Version: v2.4 print this page

Notebooks

Amorphic platform provides a way to host Jupyter/IPython notebooks, which are interactive, web-based environments that allow users to create and share documents that contain live code, equations, visualizations, and narrative text.

Amorphic Notebooks contain the following information:

Type	Description
Notebook Name	ML Notebook Name, which uniquely identifies a Notebook
Description	A brief explanation of the notebook
Notebook Status	Status of ML Notebook. Ex: Creating, InService, Stopping, Stopped etc.
Instance Type	ML compute notebook instance type
Volume Size	The size of the ML storage volume attached to the notebook instance(in GB)
Notebook URL	URL to connect to the Jupyter server from notebook instance
Notebook Lab URL	URL to connect to the Jupyter Lab server from notebook instance
Glue Sessions	Flag to identify whether glue sessions is enabled for the notebook instance
Auto Stop	Status of the auto-stop. Ex: Enabled, Disabled
Remaining Time	Amount of time left for auto-stop(in hr)
Auto Stop Time	Time at which the system auto stops the ML Notebook.
Internet Access	Sets whether SageMaker provides internet access to the notebook instance
CreatedBy	User who created the ML Notebook.
LastModifiedBy	User who has recently updated the ML Notebook.

Notebook Operations

Amorphic ML Notebook provides the following operations for any given notebook.

Operation	Description
Create Notebook	Create a ML Notebook in AWS Sagemaker.
View Notebook	View an existing ML Notebook.
Start Notebook	Start a Stopped ML Notebook.
Stop Notebook	Stop a Running ML Notebook.
Clone Notebook	Clone an existing ML Notebook.
Delete Notebook	Delete an existing ML Notebook.
Notebook Logs	View logs for Ml Notebook.

How to Create a Notebook?

ML Notebook Homepage

To create an ML Notebook:

Click on + New Notebook
Fill in the details shown in the table:

Attribute	Description
Notebook Name	Give your Notebook a unique name.
Description	Describe the notebook's purpose and relevant details.
Instance Type	Choose the type of ML compute instance to launch the notebook instance.
Volume Size	ML notebook storage volume size in GB.
Datasets Write Access	Select datasets with write access required for the notebook.
Datasets Read Access	Select datasets with read access required for the notebook.
Enable Internet Access	This setting controls whether the notebook instance can access the internet. If you set it to "Disabled", the notebook instance can only access resources inside your VPC, and will not be able to use Amazon SageMaker training and endpoint services unless you set up a NAT Gateway in your VPC.
Glue Sessions	User can select this to enable or disable Glue sessions for the notebook instance
Auto Stop	This option allows you to save on resource costs by providing a stop time value. The auto stop process will be triggered every hour, looking for any ML Notebooks that need to be notified or stopped, and sending an email when one of the following criteria is met.
Shared Libraries	If the notebook has glue session enabled, the user can select shared libraries required for the notebook using this option.
Tags	Select the tags and access type in order to read the data from tag based access controlled datasets. This functionality is supported only through API for now.

Note

Only read operation is supported for tag based access controlled(TBAC) S3 datasets from notebooks. TBAC Lakeformation datasets cannot be consumed from notebooks.

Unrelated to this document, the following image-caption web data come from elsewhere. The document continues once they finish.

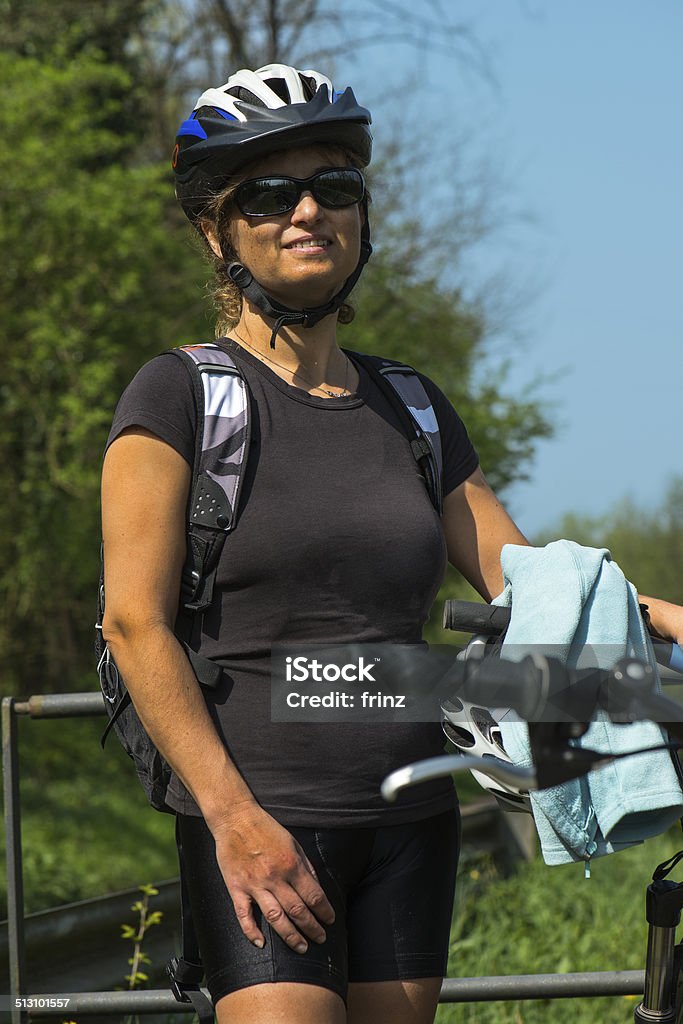 tired middle aged cyclist a  tired middle aged  woman ciclyst Activity Stock Photo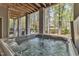 Tranquil outdoor hot tub on a covered patio with a view of the wooded backyard at 116 Palermo Ct, Apex, NC 27539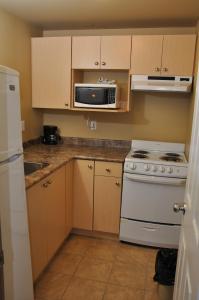 a kitchen with a white stove and a microwave at Linda Vista Motel in Surrey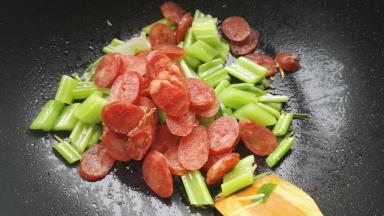 放入腊肠片翻炒。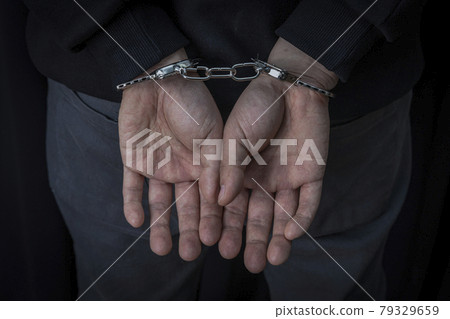 criminal and handcuffs 79329659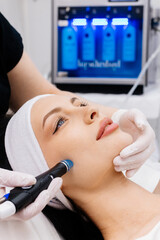 In a cosmetology clinic, a professional female cosmetologist performs a hydrafacial treatment on an...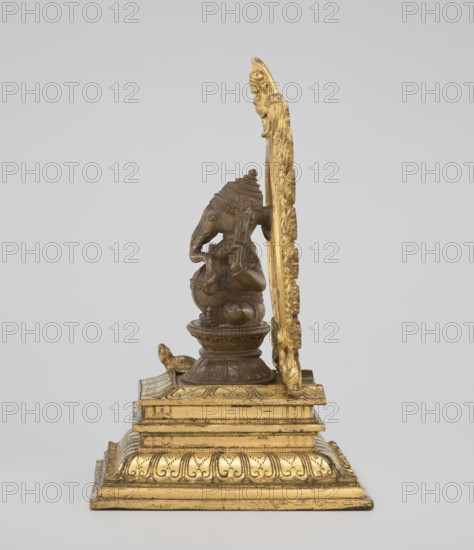 Ganesha, unknown sculptor. 19th century, India. Sculpture height 26.0 cm, width 17.5 cm. The deity sits on a double lotus throne placed on a rectangular flat base; the whole is mounted on a large, strongly profiled pedestal. At the back of the figure is a circle of fire. The figurine consists of three parts: a statuette inserted onto a pedestal and a fire ring inserted into the pedestal holes using two pins. Iconography/features: Indian/Hindu art; elephants, ropes, halos, lotus throne, birds, gluttony, rats, fire, Shaivism, crowns/tiaras, tusks, mounts, armor., A small sculpture of an elephant-headed figure seated on a rounded pedestal attached to a tiered rectangular base, with an ornate upright backplate behind it; the figure and base show a metallic brown tone while the base, backplate, and decorative details are gilded gold, and the background is light gray.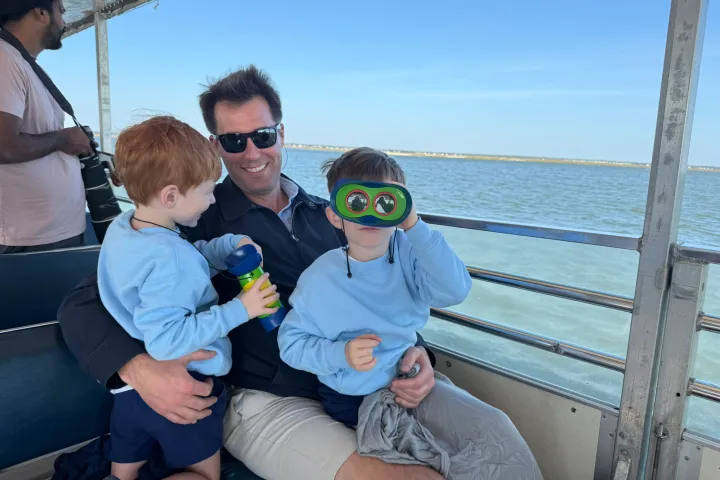 Man and two kids on boat, one child using binoculars, with water view.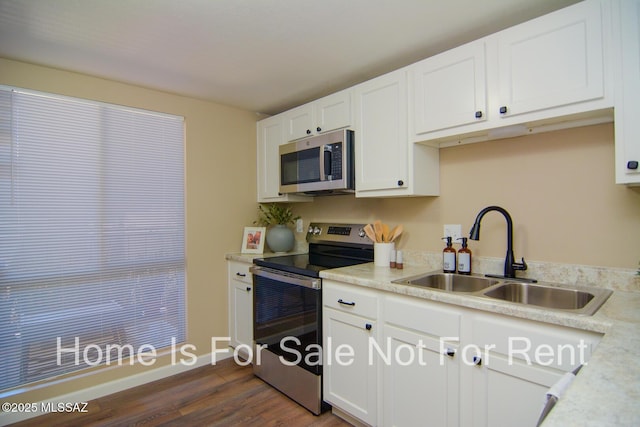 kitchen with a sink, stainless steel appliances, light countertops, and white cabinetry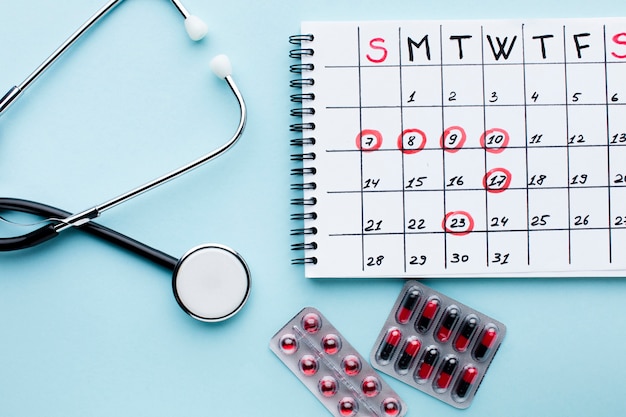 Photo gratuite calendrier de traitement médical avec stéthoscope et pilules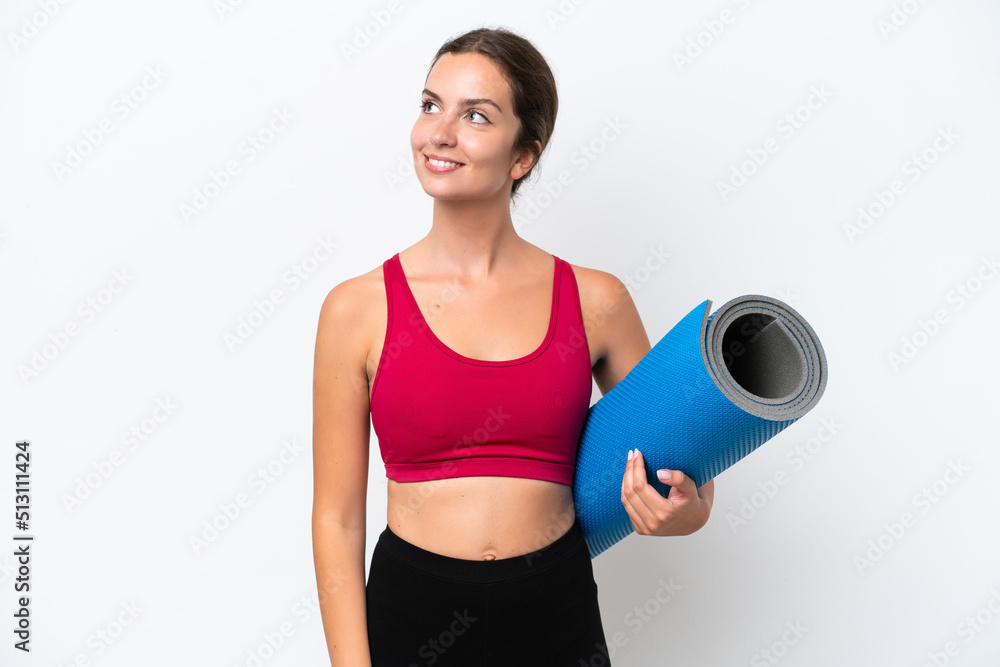 Young sport caucasian woman going to yoga classes while holding a mat isolated on white background thinking an idea while looking up Young sport caucasian woman going to yoga classes while holding a mat isolated on white background thinking an idea while looking up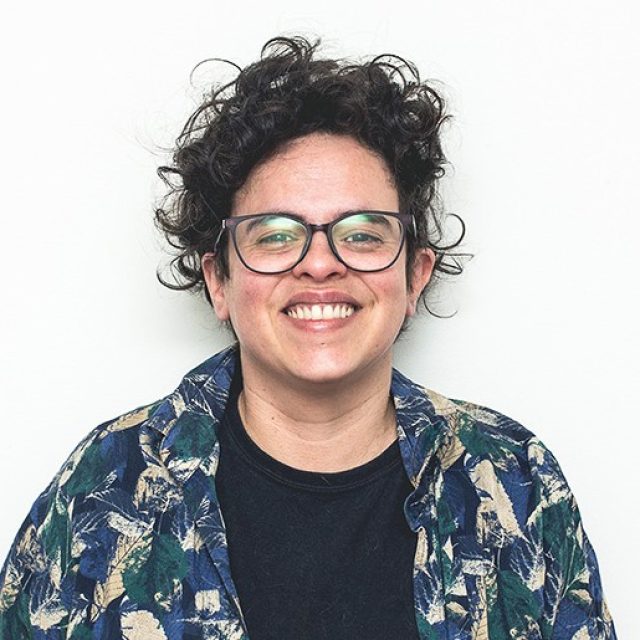 Cintia é mulher branca, de cabelos pretos levemente cacheados. Usa óculos. Veste camisa florida em azul e verde sobre camiseta preta.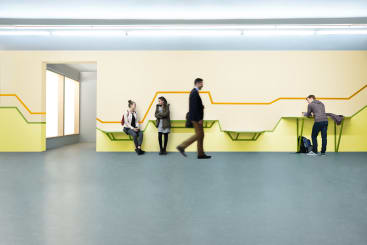 Drei Personen sitzen auf minimalistischen Bänken, die mit geometrischen, farbigen Linien an einer Wand befestigt sind, während eine weitere Person an einem hohen Tisch mit einem Rucksack auf dem Boden steht; zwei weitere Personen gehen unscharf in Bewegung vorbei.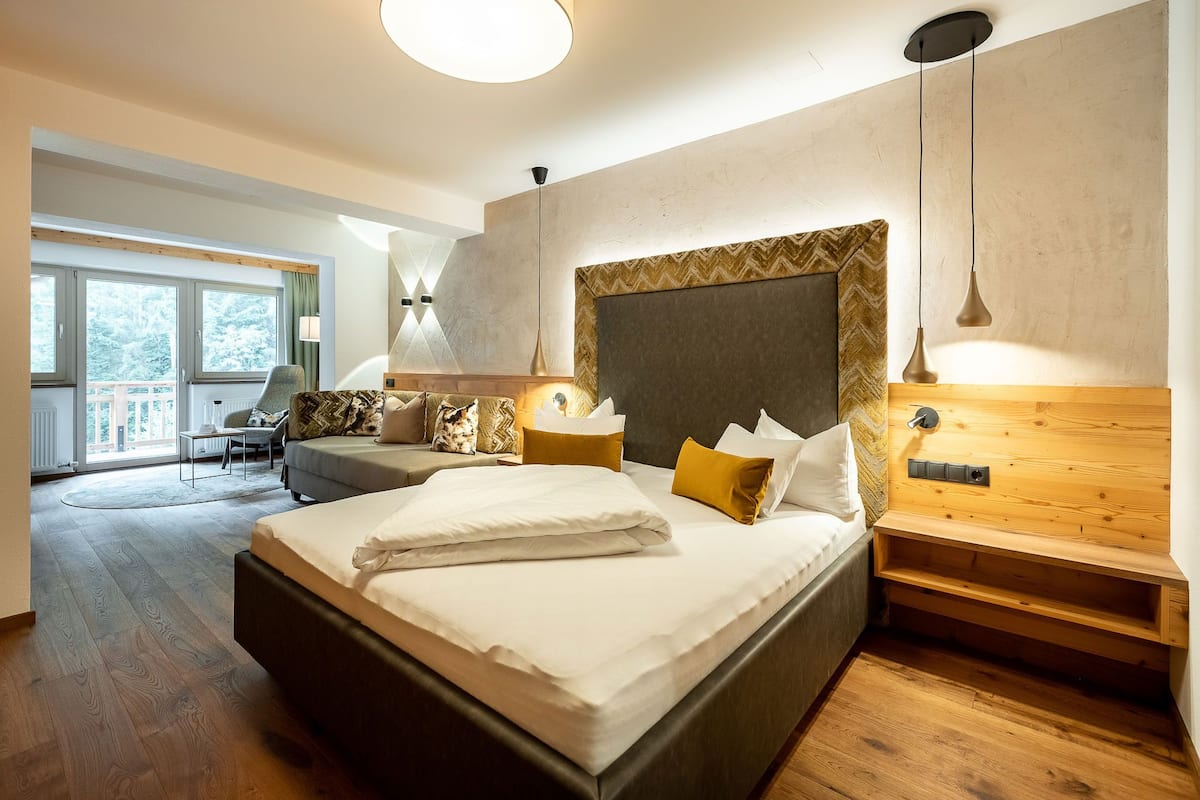 Une chambre d’hôtel moderne dotée d’un grand lit, d’une tête de lit en bois, d’une table de chevet et d’un coin salon avec une chaise et une table.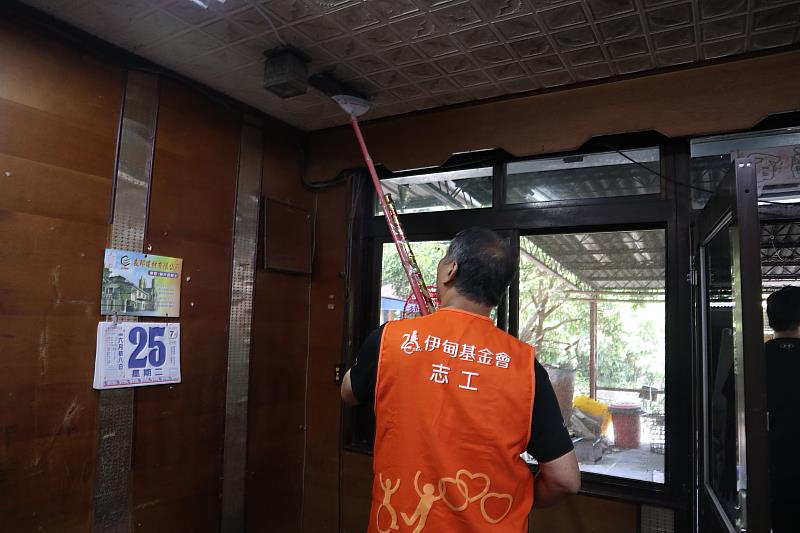 志工協助阿嬤清除天花板的灰塵，給予阿嬤煥然一新的家園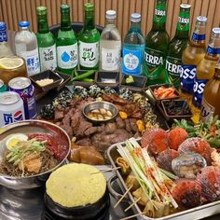 고기를-먹으며-소주병이-테이블에-줄을-서있는-장면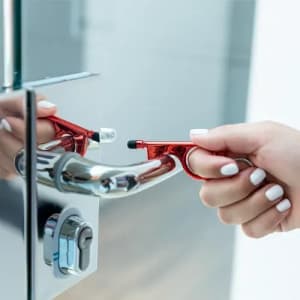 A red door opener tool is being used to pull open a chrome door handle. The setting is modern and sleek.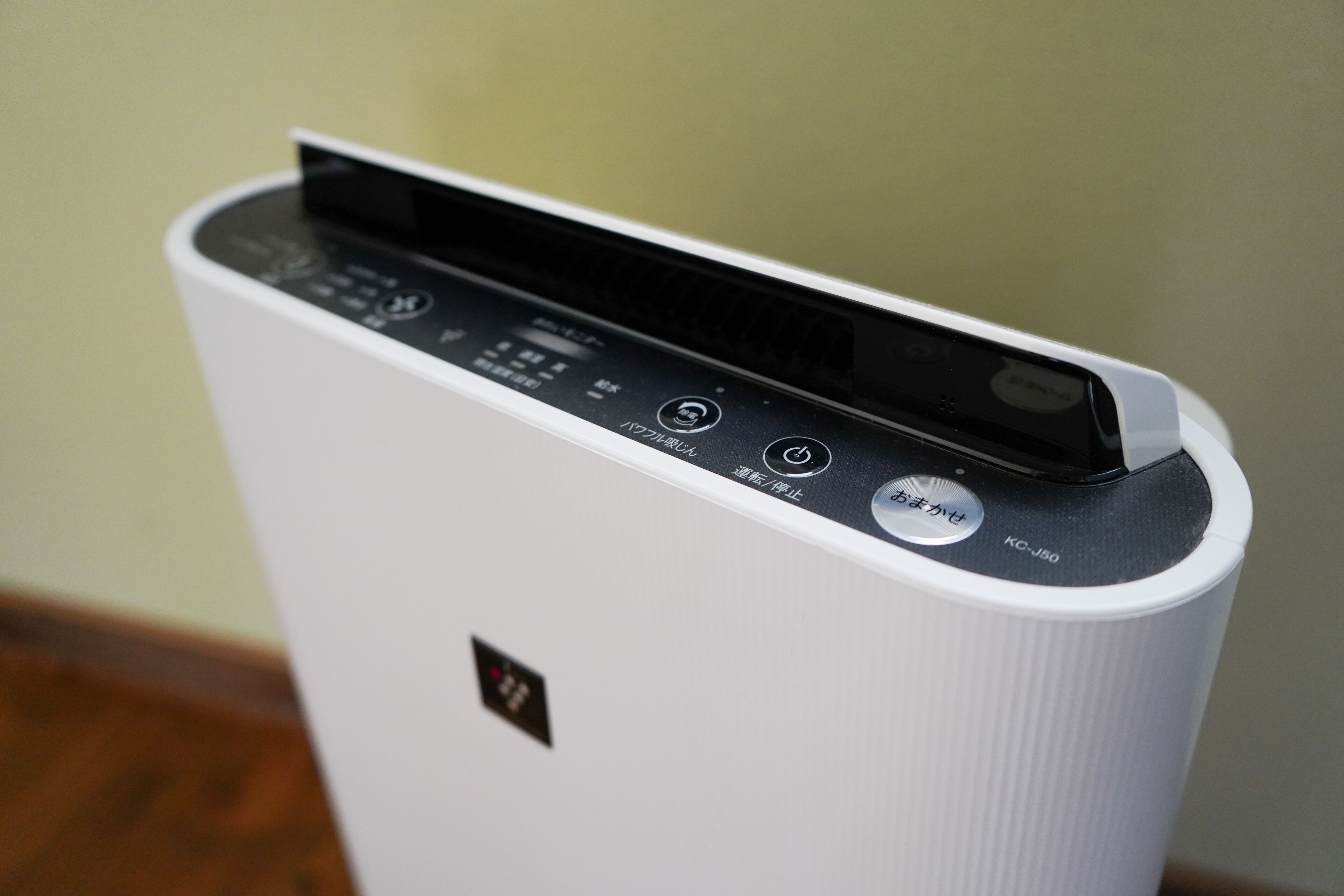 A white portable air purifier with a control panel and a black top.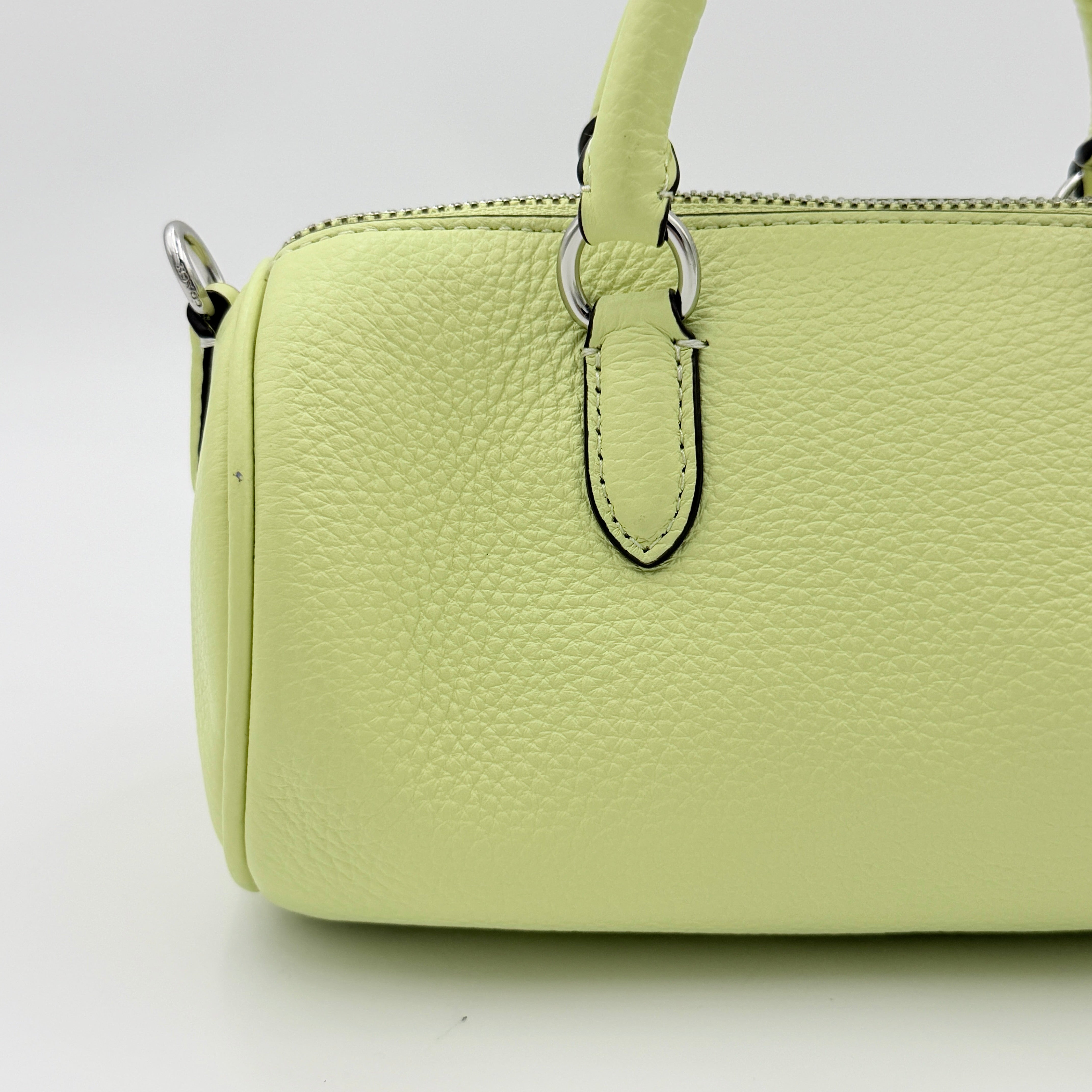 Coach 2Way Lacey Mini Boston Bag in light green pebbled leather with tassels and a detachable strap, shown against a plain background.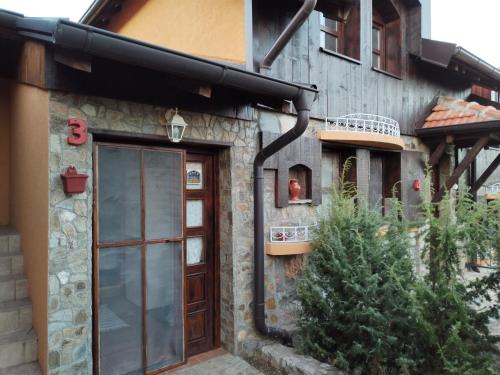 a building with a wooden door and some plants at Seosko turističko domacinstvo Imunsan in Niš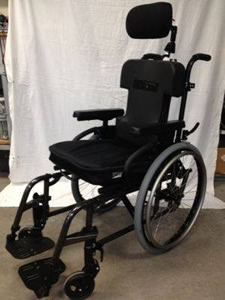 Manual wheelchair with head support.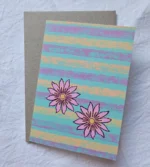 Handmade floral greeting card featuring two pink flowers on a turquoise, lavender and peach striped background.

To create notebooks with tags, the payload would be like shown below:

{
  "NotebookName": "tags-sessions-notebook",
  "Description": "-",
  "InstanceType": "ml.t2.medium",
  "VolumeSizeInGB": 5,
  "IsAutoTerminateEnabled": true,
  "GlueSessionsEnabled": true,
  "LifecycleConfiguration": "enable-sessions",
  "Keywords": ["Owner: user1"],
  "AutoTerminationTime": "2023-12-22 12:30:00",
  "DirectInternetAccess": "Enabled",
  "ParameterAccess": [],
  "TagsAttached": [
    {"TagName": "tag1", "TagValue": "value1", "AccessType": "owner"},
    {"TagName": "tag2", "TagValue": "value2", "AccessType": "read-only"}
  ],
  "DatasetAccess": {
    "Owner": [],
    "ReadOnly": []
  }
}

You will receive a notification email when:

The auto-stop process trigger runs every hour, and the stoppage time is less than 30 minutes.
The auto-stop process was successfully able to stop the ML Notebook after the stop time.
The auto-stop process wasn't able to stop the ML notebook due to some fatal errors.

Auto Stop Time: You can set the maximum auto stop time for the ML Notebook to be less than 168 hours (7 days). Once the current time is found to be greater than the stop time, the notebook will be stopped at the next whole hour. You can also modify the stop time with the maximum time set to less than 168 hours (7 days).

Note

Auto-stop process is scheduled to run every hour on the hour (e.g: 6:00, 7:00, 8:00, 9:00).
You will receive an email notification only if you are subscribed to alerts. To enable alerts, refer to Alert Preferences.
When the stoppage time elapses, auto stop process will stop the ML Notebook. You need to manually delete the notebook if needed.
Stopped Notebooks will still incur costs. Hence, if the notebooks are not needed, delete them.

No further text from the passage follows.